<a href="https://github-com.translate.goog/LAION-AI/Open-Assistant/blob/main/backend/README.md?_x_tr_sl=auto&_x_tr_tl=en&_x_tr_hl=en&_x_tr_pto=wapp">![Translate](https://img.shields.io/badge/Translate-blue)</a>

# Open-Assistant REST Backend

## Backend Development Setup

### Local Database

In root directory, run
`docker compose --profile backend-dev up --build --attach-dependencies` to start
a database. The default settings are already configured to connect to the
database at `localhost:5432`. (See
[FAQ](https://projects.laion.ai/Open-Assistant/docs/faq#enable-dockers-buildkit-backend)
if you face any docker problems).

> **Note:** when running on MacOS with an M1 chip you have to use:
> `DB_PLATFORM=linux/x86_64 docker compose ...`

Python 3.10 is required. It is recommended to use `pyenv` which will recognise
the `.python-version` in the project root directory.

### Python Packages

Next, to install all requirements, You can run

1. `pip install -r backend/requirements.txt`
2. `pip install -e ./oasst-shared/.`
3. `pip install -e ./oasst-data/.`
4. `./scripts/backend-development/run-local.sh` to run the backend. This will
   start the backend server at `http://localhost:8080`.

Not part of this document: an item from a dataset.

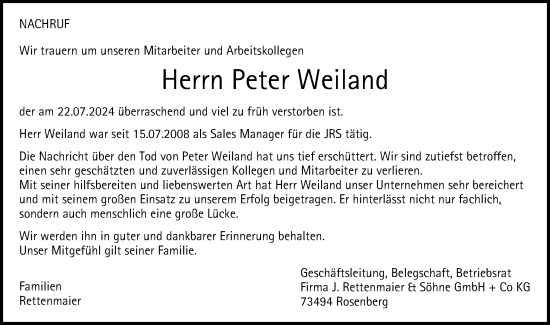 Traueranzeige von Peter Weiland von Schwäbische Post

## REST Server Configuration

- Generate a new environment variable file `.env` by coping the content of the
  [.env.example](.env.example) file.

- Update the values of the environment variables in the `.env` file by setting
  the DATABASE_URI to you local database URI.

- Update the rest of the environment variables according to your needs.

## Running the REST Server locally for development

Have a look into the main `README.md` file for more information on how to set up
the backend for development. Use the scripts within the
scripts/backend-development folder to run the BE API locally.

## Alembic

To create an Alembic database migration script after sql-models were modified
run `alembic revision --autogenerate -m "..."` ("..." is what you did) in the
`/backend` directory. Then edit the newly created file. See
[here](https://alembic.sqlalchemy.org/en/latest/tutorial.html) for more
information.

## API Documentation

Once you have successfully started the backend server, you can access the
default api docs at `localhost:8080/docs`. If you need to update the exported
openapi.json in the docs/ folder you can run below command to `wget` them from
the relevant local fastapi endpoint. This will enable anyone to just see API
docs via something like
[Swagger.io](https://editor.swagger.io/?url=https://raw.githubusercontent.com/LAION-AI/Open-Assistant/main/docs/docs/api/openapi.json)
without having to actually set up and run a development backend.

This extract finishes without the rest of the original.